Zaczyna się od małego chłopczyka na głuchej polskiej wsi, gdzie nie ma dróg asfaltowych czy prądu. Chłopak spogląda na kłębiące się stada szybujących bocianów nad jego głową i marzy o tym, aby samemu unieść się nad tymi polami, które jego rodzina od wieków mozolnie uprawia.


Najsympatyczniej wypada świadectwo dwóch autentycznych weteranów Dywizjonu 303, Stanisława Sochy (niedawno zmarłego) i Franciszka Kornickiego. Mówią pokornie i skromnie o swoim prostym pochodzeniu, jako dzieci ze wsi czy z okolic Lwowa, które od najwcześniejszych lat mają ambicję być pilotami. Jak powiedział jeden z nich, jedyną możliwością postępu społecznego dla chłopaka ze wsi było „wojsko, abo pójście na księdza” (drugie mu nie odpowiadało, bo podobały mu się dziewczyny). Pilnie uczyli się, zdali maturę, praktykowali loty na szybowcach, wstąpili do lotnictwa, szkolili się w Oficerskiej Szkole Lotniczej w Dęblinie, gdzie jednym z instruktorów był właśnie Witold Urbanowicz. Trudno nie mieć w tym miejscu uznania dla tych możliwości, które istniały dla prostych ludzi w przedwojennej Polsce, pomocnych w spełnianiu swoich ambitnych marzeń przez naukę i pracę nad sobą. Potem z równą skromnością opowiadali o uczestnictwie jako piloci w kampanii wrześniowej, gdy zgodnie z rozkazem wykradli się z Polski poprzez Morze Czarne do Francji, a stamtąd po upadku Francji do Anglii, kiedy przydzielono ich wpierw do szwadronu bombowców, a później do jednego z polskich dywizjonów myśliwskich. Mówili o walkach z Niemcami i o życiu towarzyskim pilotów, szczególnie kiedy byli jeszcze w oczach Brytyjczyków legendarnymi bohaterami. Nie dramatyzowali przedstawiając walkę z wrogiem, wystarczył zimny opis przebiegu potyczki z samolotem niemieckim, zaduma nad tym, że zabiło się człowieka, ale również przeświadczenie, że niemal każdego dnia im samym zagrażała utrata życia.
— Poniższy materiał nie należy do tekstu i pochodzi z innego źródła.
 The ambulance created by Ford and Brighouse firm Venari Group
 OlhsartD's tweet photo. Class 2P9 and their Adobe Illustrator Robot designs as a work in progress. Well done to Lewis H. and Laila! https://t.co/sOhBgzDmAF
Mówili też bez patosu o poczuciu zdrady i o osobistych przykrościach od tubylców po układach jałtańskich. Te momenty producent potraktował szybko i wrócił do scen składania hołdu pilotom polskim, czy to na terenie szkoły w Polsce czy przy pomniku lotników w Northolt.

Wiemy wszyscy, jak kluczowa była „Battle of Britain”, która uchroniła Wielką Brytanię przed inwazją i klęską. Wiemy też, jak ważny był polski wkład w tę akcję. Magierski, który sam wstrzymuje się od komentarza, nie uwypukla tej sprawy, bo przyjmuje to za oczywiste. Koncentruje się raczej nad wysiłkiem, z jakim bohaterowie wykonali swoją służbę, czyli swój obowiązek żołnierski, narażając własne życie, aby pokonać wroga, a potem odejść w zapomnienie, i jeśli nie do tych wsi, które ich wychowały i do tego polskiego krajobrazu, za którym tęsknili, to przynajmniej do życia w kraju deszczów i herbaty, który ich z początku hołubił, potem upokarzał, aż wreszcie przygarnął.

Film nie jest propagandą czy nawet promocją polskich pilotów, ale przez swój osobliwy czar i prostą konstrukcję w opowiadaniu życiorysów i wyczynów tych skromnych bohaterów, przybliża ich do nas.

W tym samym stylu Magierski tworzy swoje inne utwory kinematograficzne, jak np. „Pianiści” – o czterech artystach amerykańskich, biorących udział w konkurse chopinowskim w Warszawie, czy „Mój ojciec Luo”, o amerykańskiej mulatce, odkrywającej swoje afrykańskie korzenie w Kenii, czy „Dzikie sny o orchidei”, o awangardowym polskim projektancie mody w Londynie. W tych filmowych portretach narracja tworzy się niby sama, w wypowiedziach bohaterów i uczestników, wyłapywanych w czasie podróży, w której odkrywają żródła swojej niecodzienności lub niecodzienności swoich bliskich. Filmy, takie jak „303”, są perłami, bo obnażają mimochodem tożsamość swoich postaci. Poznajemy bohaterów przez ich własne refleksje o swoim dzieciństwie i o swoim specyficznym wyczynie, które jego czy ją, tak wyróżniają. Każdy film jest w języku angielskim, ale każdy, w mniejszym czy większym stopniu, posiada swój wyraźnie atrakcyjny lecz subtelny element polski, lśniący w równie barwnym obcym otoczeniu.  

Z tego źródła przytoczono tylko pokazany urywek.